Another fantastic job!


----------



## mhinkle90 (Feb 24, 2011)

sick video


----------



## PLANKTON7 (Jun 14, 2011)

deff some of the best looking grass iv seen, looks fake. makes me want to start shooting underwater. very solid so far.


----------



## Bill_Nosan (Dec 14, 2008)

Very F'en nice.
Shot with a 5D?


----------



## Rediculous (May 5, 2012)

Awesome vid, I love it. Looks like a absolute blast!

I got my first fly set up yesterday. Unfortunately I have a torn tendon in my finger, so it will be a bit before I can target any bulls on fly. But it gives me time to hone my skills on some peanuts.


----------



## paint it black (Nov 3, 2007)

> Very F'en nice.
> Shot with a 5D?


Thanks. 

This was actually all shot with a collection of 4 GoPro HD Hero 2's. And a Nikon D3100 with a Nikkor 50mm lens. I didn't have the 7D with me. I'm going to purchase a 5D at some point soon.


----------



## FlyWrecker (Apr 6, 2012)

Awesome video! I am trying to learn video, what software are you using for editing?


----------



## paint it black (Nov 3, 2007)

> Awesome video! I am trying to learn video, what software are you using for editing?



Thanks. I'm using Adobe Premier Pro CS5.


----------



## Shadowcast (Feb 26, 2008)

Great video! Clear slick water like would be easy pickings!


----------



## paint it black (Nov 3, 2007)

> Great video!  Clear slick water like would be easy pickings!

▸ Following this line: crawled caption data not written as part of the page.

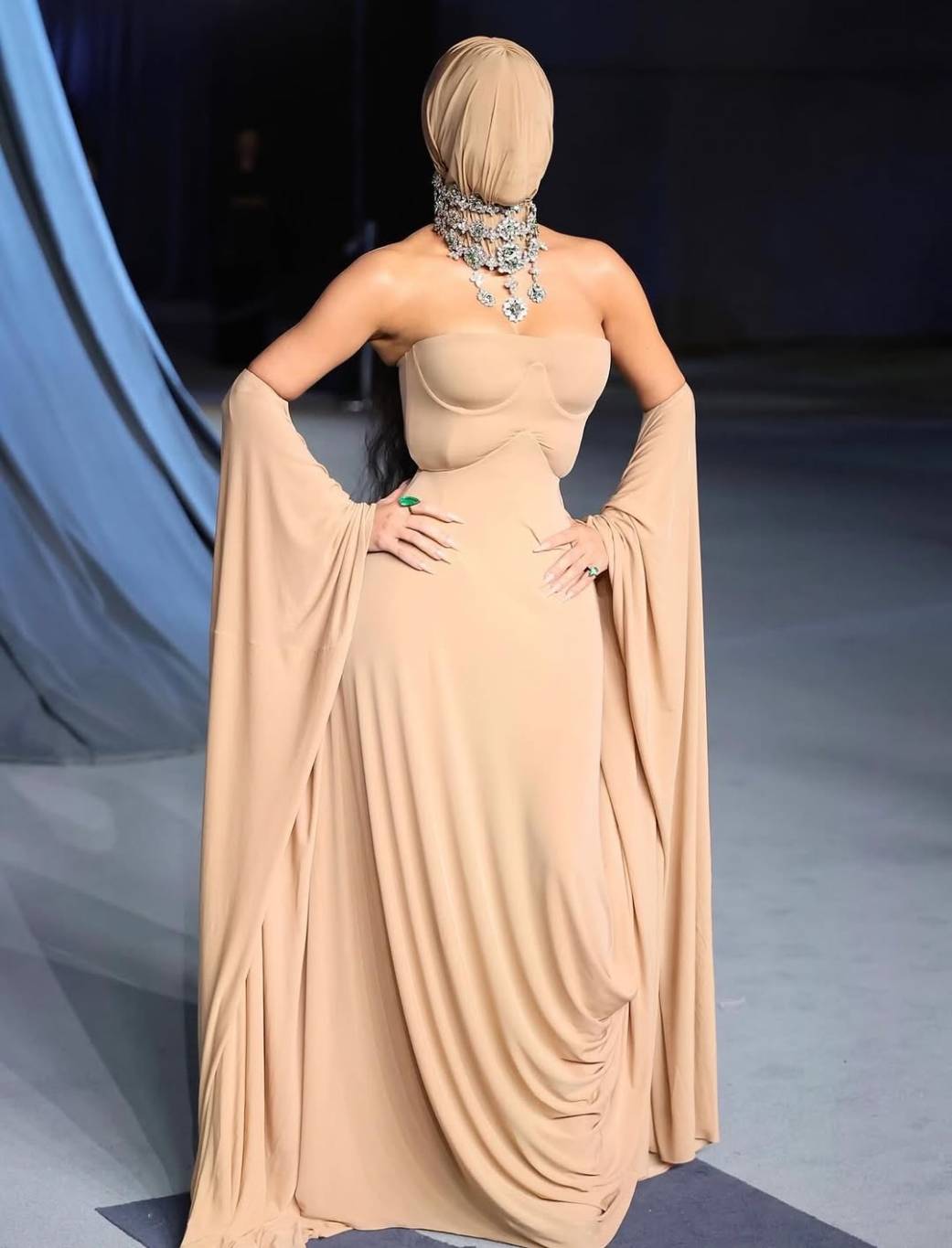 كيم كارداشيان بإطلالة غير مألوفة... أرادت أن تصبح تمثالاً في المتحف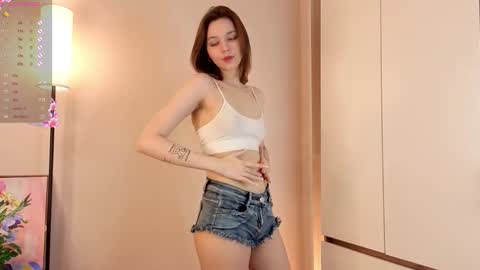 Snapshot of mia_roxxxy chatting on 11.08.25 Mia Roxy online show from 11.08.25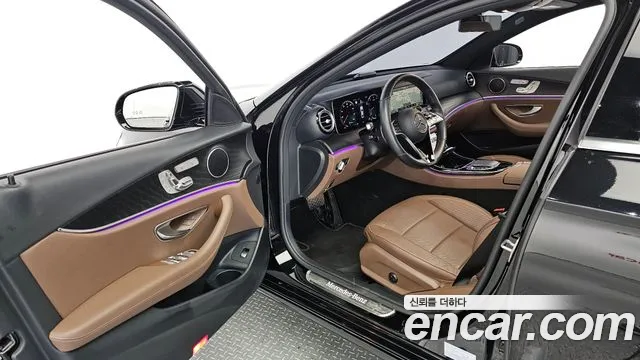 Mercedes-Benz E-Class W213 2023 Черный из Кореи, фото 2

Would think so. But it's often too clear, too slick. The reds get spookier than bonefish at times. And you have to use 12lb flouro tippet, and can't get close enough to get a good shot. It's tough. I like a small breeze. It'll make things a little easier than slicked out.


----------



## tntwill (Aug 24, 2011)

go on facebook and like Florida Flatsfishing Assoc they are looking for cool videos to put on tv good luck you have what it takes.


----------



## CurtisWright (May 9, 2012)

Awesome shots. The shaking makes me dizzy though


----------



## TARPON69 (May 9, 2008)

Exxelent job ,really PRO video


----------